In many cases, I don’t believe transparency about the study’s methodology and their limitations is sufficient. Transparency is a bedrock requirement of solid empirical work. Furthermore, good empirical scholarship notes significant real or potential limitations. Readers of law review articles may unknowingly misuse the reported data because they lack an appreciation of the limitations. There is no peer review filter to remove portions of articles with weak data. Student editors are unlikely to insist upon removal during the editing process.
So where do I come out? Based upon the non-peer reviewed law review system we have now, my current thinking is that sometimes a researcher should report weak data, and sometimes she shouldn’t. One guidepost to be used is peer review. While not every legal scholar is familiar with the criteria for peer review, a researcher should attempt to evaluate whether the data would be published through a peer review process. When in doubt, consult more experienced colleagues. To me, when the data in question supports a personal, normative view of the scholar, the scholar should be cautious in reporting it because the scholar can be vulnerable to undercounting the data’s weaknesses.
The nature and timing of the issue being studied matters too. The scholar should err on the side of caution if she knows of amicus briefs in a pending case that would likely cite to the data. Even putting aside the potential for normative biases, scholars often want to include all of the data they have spent time gathering. Because they want credit for their hard work, they may be less willing to delete weak data than someone like a peer review referee who is unaffiliated with the project. (Of course, empirical legal scholars should also consider submitting to peer-reviewed journals, either as a substitute for student-edited law reviews or as a companion to a paper published in a student-edited law review.)

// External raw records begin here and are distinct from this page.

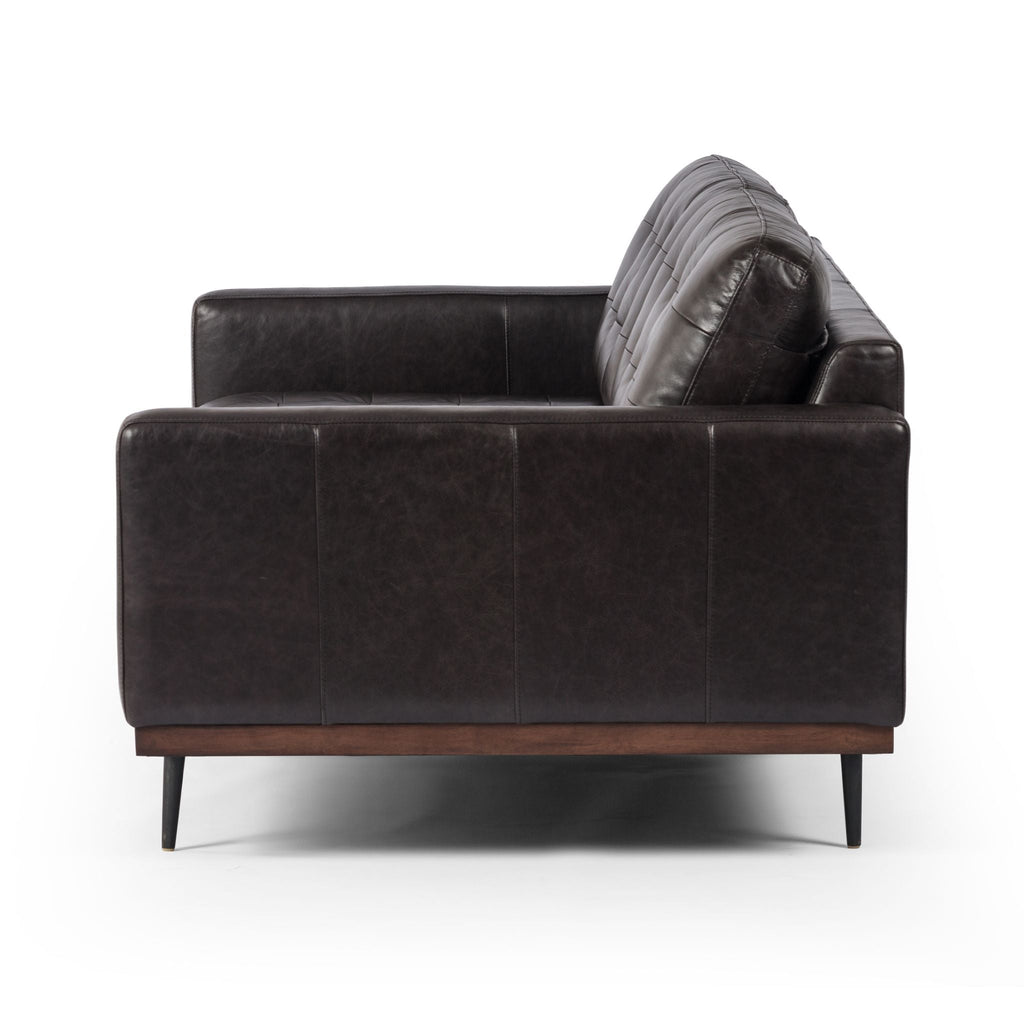 Button Perfection Sofa, Black Leather 73" - Sage InteriorsFH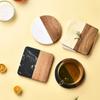 Posavasos de mármol con aislamiento térmico de estilo nórdico transfronterizo, creativo, redondo, con costuras cuadradas, para café, mantel individual de estilo occidental, tapete para té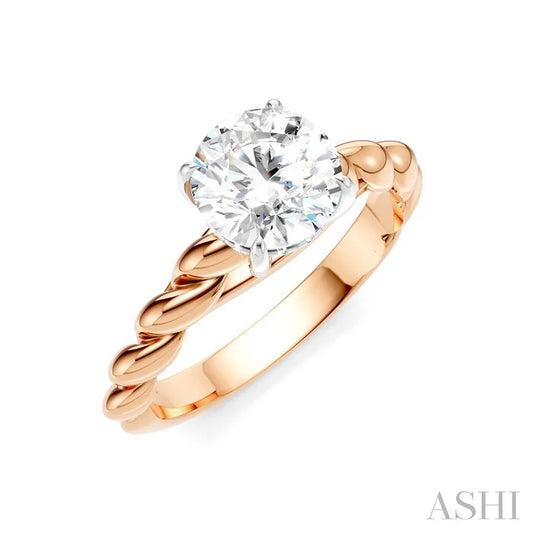 Round Shape Semi-Mount Diamond Engagement Ring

Another guidepost is to consider if the weak data is the best data that the researcher can reasonably obtain and analyze under the available resources and constraints. When it is the best available data, this factor weighs toward reporting. Furthermore, if the weaker data is consistent with other, more solid data, and the researcher intends to later supplement the findings, perhaps reporting is appropriate. Sometimes reporting weak or preliminary data can spur further, more solid research. This may outweigh concerns about potential misunderstandings of the data. And sometimes weak data is just one data point among many. Then, the risk that the data will be misused is smaller.
To reduce the possibility of misuse or misunderstanding, a heightened disclosure requirement is prudent. If a decision is made to include the weak data, a very explicit warning for the reader should be included. Scholars need to think more carefully about how to disclose uncertainty about the relevance of weak data.